I knew this temple would be impressive and large, but I was unprepared for the size of it. Shwedagon Pagoda itself is huge — the base of it stretches 1,420 feet around. And then it’s surrounded by hundreds of small stupas and shrines.
It begins to feel like sensory overload, but it could have also been heat stroke. It was a desperate attempt to avoid taking photos with the crowds in the way while also trying to find a little shade to avoid melting in Myanmar’s holiest site (I may or may not have seen an incident of spontaneous combustion that wasn’t so spontaneous given the temperature).
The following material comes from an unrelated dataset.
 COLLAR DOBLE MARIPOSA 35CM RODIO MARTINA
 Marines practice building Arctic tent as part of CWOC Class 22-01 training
Of course, after wandering through the grounds all the stupas and shrines begin to look the same. Or maybe I walked around the perimeter of the pagoda more than once. So much of the place blends together after baking my brain in the sun that I wasn’t sure which direction I was facing.
I’m fairly certain I took one more quick tour around the grounds to find my exit to make the trip back to the hotel easier. I wasn’t sure what was on the other sides of Shwedagon Pagoda, and I didn’t feel like getting lost in the heat and/or traffic of Yangon.
Getting out of Shwedagon
It wasn’t easy finding my way out of the temple complex. The pagoda is symmetrical, so you can’t judge which side you’re on looking at it. This leaves visitors with only the surrounding stupas and shrines to guess location.
I had enough foresight to take a picture of the first shrine I saw. Of course, after taking a hundred or so more photos within Shwedagon, I had to flip through a lot just to find where that one picture was.
On my way out of Shwedagon, I decided to walk down the street away from the heaviest traffic before flagging down a taxi to take me back to my hotel. Along the way, I stopped off for a light lunch and the largest bottle of cold water the restaurant sold. The restaurant was open air but out of the sun near Happy World Amusement Park, which featured a statue of Rambo.
I also stopped across the street at Maha Wizaya Pagoda, which has an interesting interior mural. By the time I finished with that pagoda, I was exhausted from the heat and sun and in desperate need of air conditioning and water.
I would have enjoyed Maha Wizaya more had it not been for the long unshaded walk to get in. It’s a relatively new temple with relic donated by the King of Nepal. The center of the pagoda is painted with trees and nature scenes — it’s not the typical Buddhist stories that are painted on so many other temples.
My only regret when visiting Shwedagon was that I didn’t see it in the evening — a few people have mentioned that it’s even more impressive with lights shinning after the sun sets. As usual, missing something minor like this provides me with a reason to revisit Yangon.